Once reaching adulthood, Barker became active in the civil affairs of the colony, undertaking positions as commissioner, assistant, and deputy over a period of many years. In the Rhode Island Royal Charter adopted in 1663, which became the basis for Rhode Island's government for nearly two centuries, Barker was named as one of the ten Assistants (magistrates) of the colony. In 1676, during King Philip's War, it was voted that the advice of the most judicious inhabitants of the colony be obtained, and that these people sit at the next session of the assembly. Barker was one of the 16 men whose counsel was sought in this request. In 1678 he was elected as Deputy Governor, serving under governors Benedict Arnold, William Coddington, and John Cranston, the first two both dying in office in 1678. He was a Baptist minister, assisting in the ordination of Rev. Richard Dingley in 1690. His wife was Barbara Dungan, the oldest daughter of Frances Dungan and her husband William.

== Family ==

Coat of Arms of James Barker

The English background of James Barker has been discovered largely through his connection with his Aunt Christian Barker, sister of his father James. Christian and the elder James were children of an earlier James Barker and his wife, Christian King. The first James Barker was a son of William Barker, who was a son of Robert Barker.

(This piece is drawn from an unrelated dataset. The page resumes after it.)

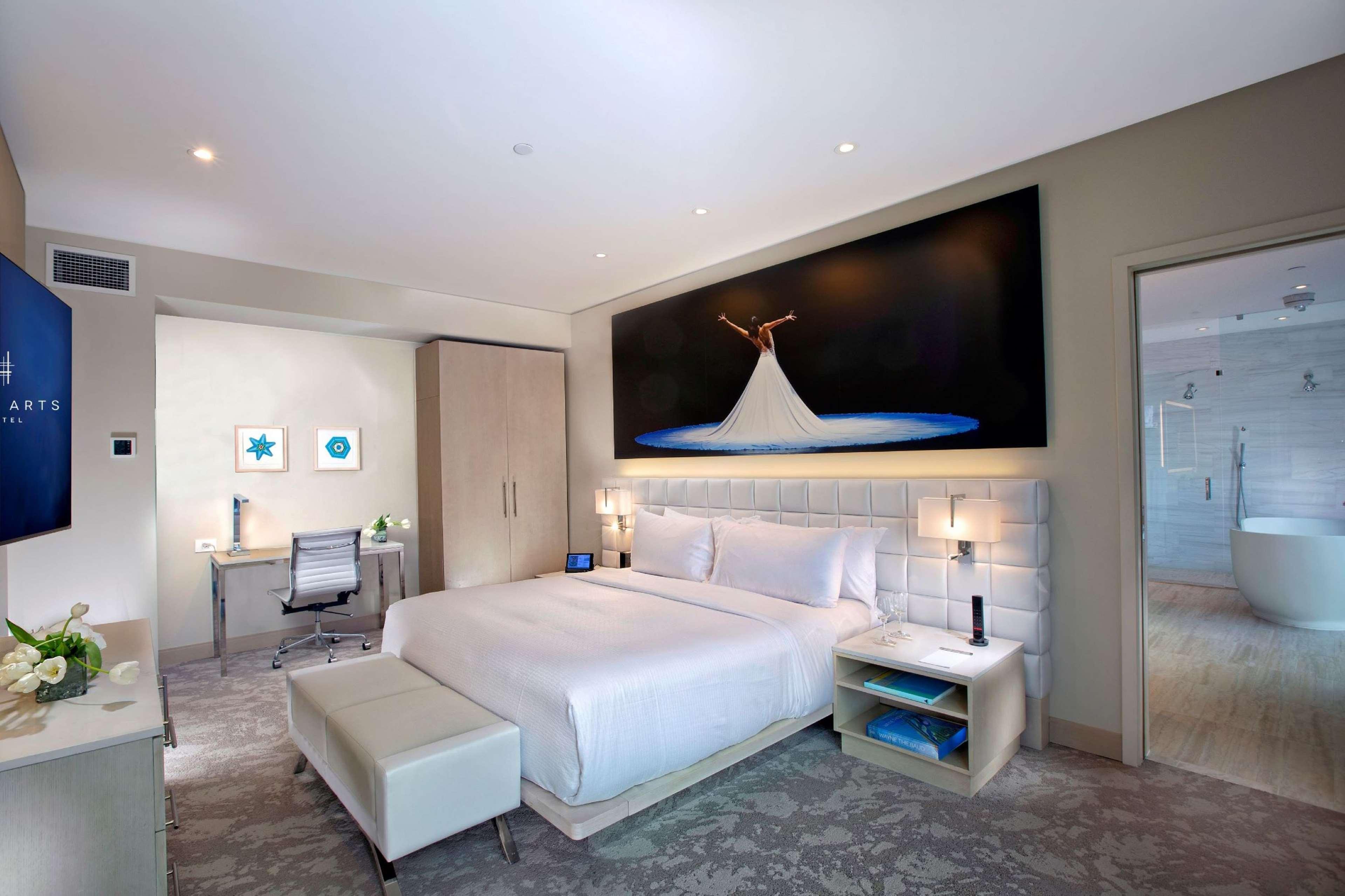 Hall Arts Hotel Dallas, Curio Collection By Hilton Bagian luar foto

Christian Barker was married three times, first, in 1610, to Thomas Cooper, second, in 1626, to Thomas Beecher, and third, about 1637, to Nicholas Easton, who later became governor of the Rhode Island colony. This is why James Barker was called a nephew of Nicholas Easton in a 1663 deed. Christian first came to New England in 1630 with her second husband who was a mariner, and became member #17 of the Boston church in late summer of that year. It is plausible that Barker, her nephew, was orphaned at the time, and came with her.

James and Barbara Barker had eight known children, all born in Newport, Rhode Island from about 1645 to 1662.

=== Ancestry ===

The ancestry of James Barker was published by Jane Flether Fiske and William Wyman Fiske in the New England Historic Genealogical Register in 2015 and 2016.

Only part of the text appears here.